Rating: - A useful book
Many software books present a padded version of the homesite reference manual, perhaps larded with computer-science boilerplate, industry war stories, and the software-manual version of standup comedy.
Not so this. Hibernate is a popular Object/Relational Mapping tool, aimed at rationalizing the interaction of databases and application programs. "Professional Hibernate" offers an excellent introduction to the topic, featuring plenty of diagrams and short, pertinent code samples.

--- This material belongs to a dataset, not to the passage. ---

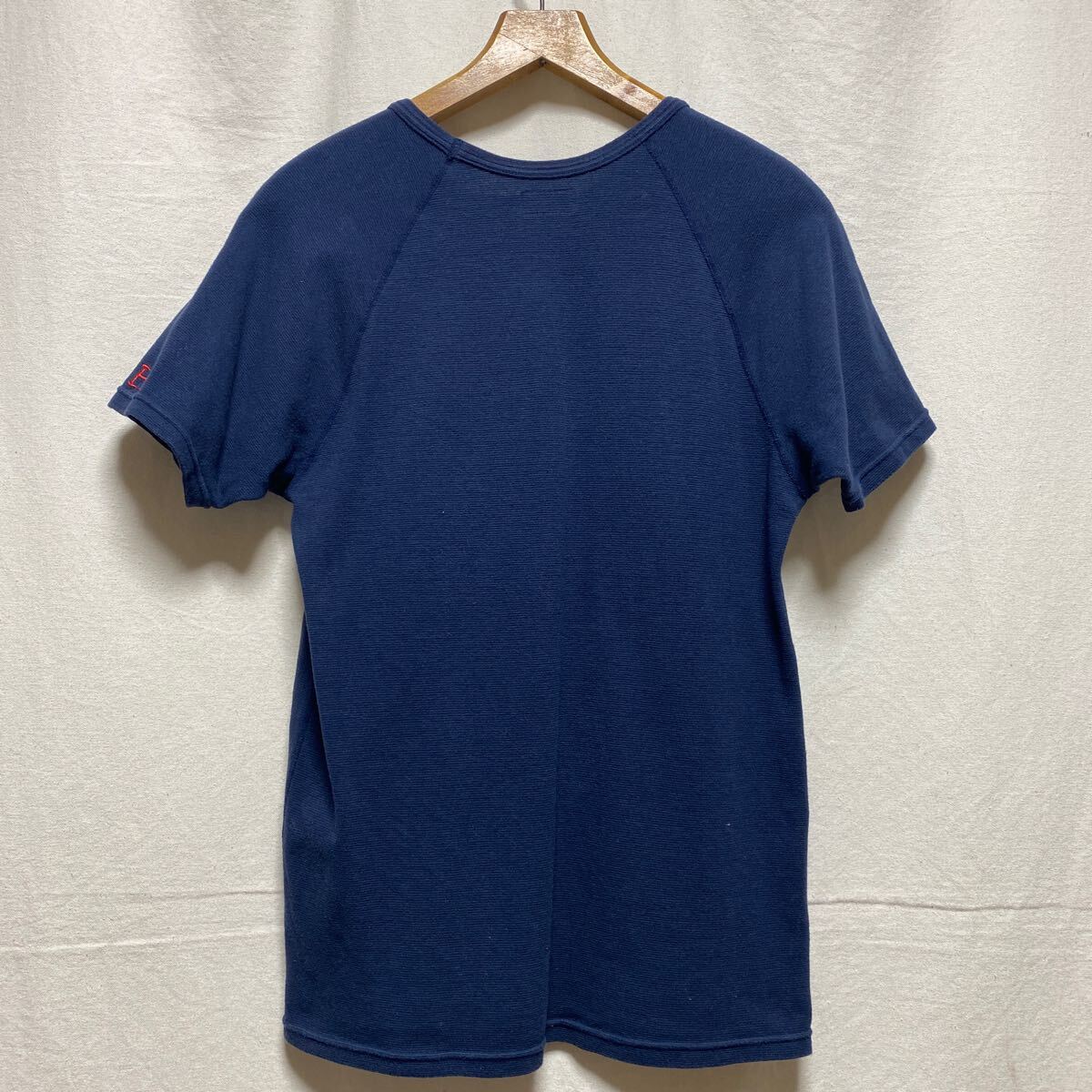 ハリウッドランチマーケット 半袖カットソー ネイビー 4 ストレッチフライス クルーネック 圣林公司 HOLLYWOOD RANCH MARKET Tシャツ HRM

The pace is right, and the book makes me believe that the authors have actually used Hibernate for application development.
Extensive treatment is given to the relationship of Hibernate to other major Open-Source tools, notably Xdoclet, Maven and Eclipse ( there are lots of others). Owing to the enormous flux in this area, the chapter on Eclipse has gotten a bit out of date in the year since it was written, as Hibernate Synchronizer is apparently winning out over Hibernator in the marketplace of downloads.

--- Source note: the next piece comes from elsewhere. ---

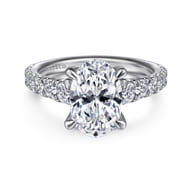 Artemis - 14K White Gold Oval Diamond Engagement Ring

It is interesting to compare this book to "Hibernate -- A Developer's Notebook" by James Elliott. Both books are well organized, well written, and stick to the point. Elliott's book is smaller and costs half as much. Pugh and Gradecki offer a bit more on the interaction of Hibernate to other packages.
To inject a personal opinion, I'm not comfortable with the Object/Relational Model. The gist of it seems to be: the database is a place for objects to rest when idle. My own experience suggests otherwise: the natural relationship between classes and tables is complicated, and admits no bijection the two. While HQL supports joins, it seems that Hibernate is principally geared for single-table queries, which are too simple to support nontrivial business logic. So, while Hibernate is generally thought to save work in JDBC applications, I doubt ORM hits the mark.

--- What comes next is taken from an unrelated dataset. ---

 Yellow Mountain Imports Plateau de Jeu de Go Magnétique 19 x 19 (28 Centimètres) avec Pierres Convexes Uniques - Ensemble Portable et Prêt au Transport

Rating: - Absolutely Disappointing
This book has some of the good qualities of a typical Wrox title: code centered, clear layout, step-by-step practical approach, but has clearly been published without even the shadow of a technical review. My guss is the book was rushed and not really invested into because "the hibernate book" (by Gavin King) was looming on the horizon. The publisher would have shown much more business sense if it had taken time for a really solid book on Hibernate 3. The amount of typos and inaccuracies both in the text and in the code is staggering. Several interesting subjects are mentioned, like AspectJ and Design Patterns, but in a too superficial way to be of any real help. Gradecki, I hope you have not really co-authored this but just supplied the AspectJ chapter...
Rating: - Laughably bad
Full of typos (they could at least have done a search-and-replace of "Hibemate"). Lots of filler (viz. the chapters on things like the DAO pattern).
Definitely not worth it.
The Manning book remains the standard for in-depth coverage, while the O'Reilly programmer's notebook does the trick for the quick-and-dirty introduction. Skip the rest.
Rating: - Don't Waste your $ on This One
Author: Eric Pugh, Joseph Gradecki
Professional Hibernate
By Eric Pugh and Joseph Gradecki
Wrox, Wiley Pub. Co. ISBN0764576771
Reviewed by Jim Lauria-HuNTUG member
"Hibernate is an object/relational mapping tool for a Java environment."
An easy to read book (the good point) filled with poorly written code, typos and mistake laden text. As others have said most of the code in this book would NOT compile and seems to have not even been tested.
Save yourself $39.99-less online-and save yourself aggrevation as well.
I would give it no stars if that option was available
Rating: - Unprofessional Hibernate
I'd actually give this book 0 stars if I could.
I have never purchased such a bad technical book in 16 years of spending my money on these things. This book is full of coding errors, explanation errors, and typographical errors. The authors fail to point out very important information needed to get their examples working. The downloadable examples are organized in folders for the wrong chapters. The examples don't work when applied to configurations described in the text. The litany of problems goes on and on.
The fact the book mentions no technical reviewers should have tipped me off.
The supporting Web page at Wrox has no errata entries, even though the book has hundreds of mistakes. The forum on the book is dead. If you want to post errata you have to register, and then when you do it rejects your login. Perhaps that accounts for no errata.
I'd say the authors have no interest in maintaining such a list themselves, or else have moved on to other hobbies. As a Java developer I'd strongly recommend anyone contemplating this book moves on and buys another book instead. I'd recommend the book by Will Iverson ("Hibernate : A J2EE Developer's Guide") or "Hibernate in Action" by Christian Bauer, Gavin King instead.
The only positive thing I could say for the book is that it will force you do a lot of hunting down of answers to help you get through all the problems that working through their examples will give you. Having to fix a problem is often the best way to understand the details of a tool, API, or issue. But as a way of learning a technology I'd not recommend it. Most developers have enough of such frustrations in their day to day job to deal with already.